DOVER, Del. - The legislative budget-writing committee approved raises for state workers on Tuesday that would give many on the lower end of the pay scale a significant boost.
The Joint Finance Committee, a 12-member panel of representatives and senators from both parties charged with drafting the state’s operating budget, approved the increases during its first day of markup. Markup is a period when the committee takes the governor’s recommended budget and begins voting on specific funding requests, essentially writing the budget.
State employee pay policy is among the first items typically to be voted on. Under the plan approved Tuesday, full-time state workers would receive a raise ranging from 3 percent to 9 percent depending on their pay grade, with the lowest grades receiving higher-percentage raises. Collective bargaining units would receive raises according to whatever they have negotiated. Education employees would receive a 3 percent raise and applicable step increases, while teachers would receive an additional 6 percent.
“We owe it to our dedicated state workers to compensate them fairly and offer meaningful opportunities for career advancement... We’re targeting working Delawareans who most need a raise,” said Joint Finance Committee Chair Rep. William Carson from District 28 of Dover and Smyrna. “The cost of goods and services have been increasing rapidly, forcing working families to make tough decisions that no one should have make. By continuing to use a sliding scale for raises, we are ensuring all employees receive a raise, but we’re preventing those on the lower end of the pay scale from falling further behind.”

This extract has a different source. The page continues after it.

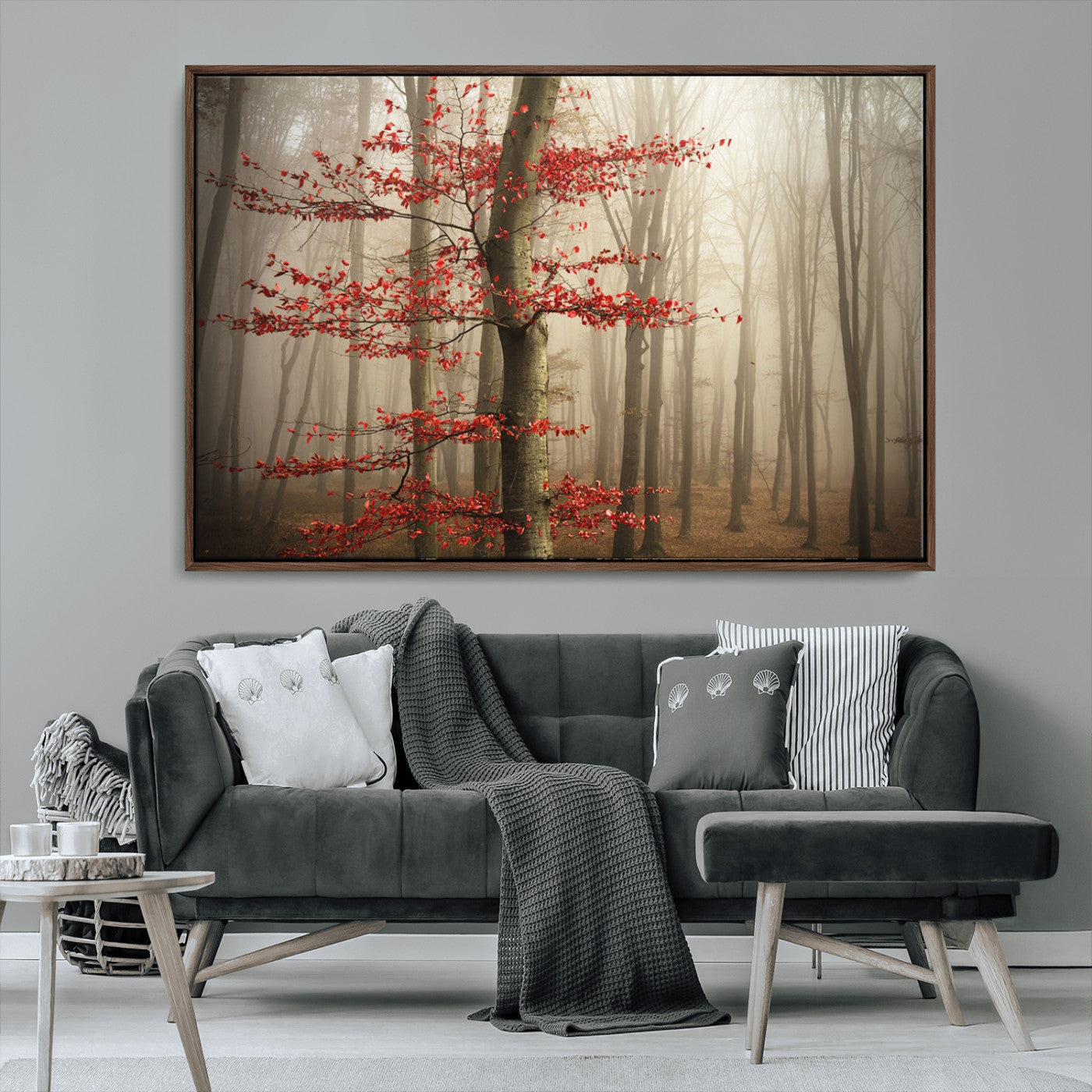61855-MGV-CV-36X24-Misty Forest Wall Art – Red Tree with Autumn Leaves Canvas Print, Moody Woodland Nature Decor for Living Room, Bedroom, or Office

As with many private businesses, the state government has experienced significant vacancies, and concerns about hiring and retention have been raised. Whether it’s educators, emergency personnel, social workers, medical staff, or first responders, officials say that ensuring these state workers receive a needed pay raise has been a priority. The average state employee salary is $52,033 per year, according to the General Assembly, and under this plan, they would receive a 6 percent increase.
“Over the winter, nearly every department of state government rang the alarm about their struggles with staff shortages due at least in part to state salaries coming in at below market rate," said Sen. Trey Paradee, Co-Chair of the Joint Finance Committee from District 17 of Dover and Camden. "As we compete for human infrastructure with major corporations in the area, we need to remain competitive if we are going to hope to maintain the level of services our state provides at its current level. The operating budget we are crafting this week is not the final investment in our state workforce that needs to be made, but it is a strong step in the right direction.”
Also, as part of the pay policy package approved Tuesday, the committee approved a recommendation from Governor Carney to establish a $15 minimum wage for merit full-time state employees.
This is the second consecutive year that the Joint Finance Committee has approved a sliding scale pay raise for state workers, with the fiscal 2023 budget including raises ranging from 2 to 9 percent.
The Joint Finance Committee will continue reviewing and voting on funding priorities for the fiscal 2023 operating budget this week. Once completed, legislative budget staff will write the final budget bill, which must be approved by the entire General Assembly.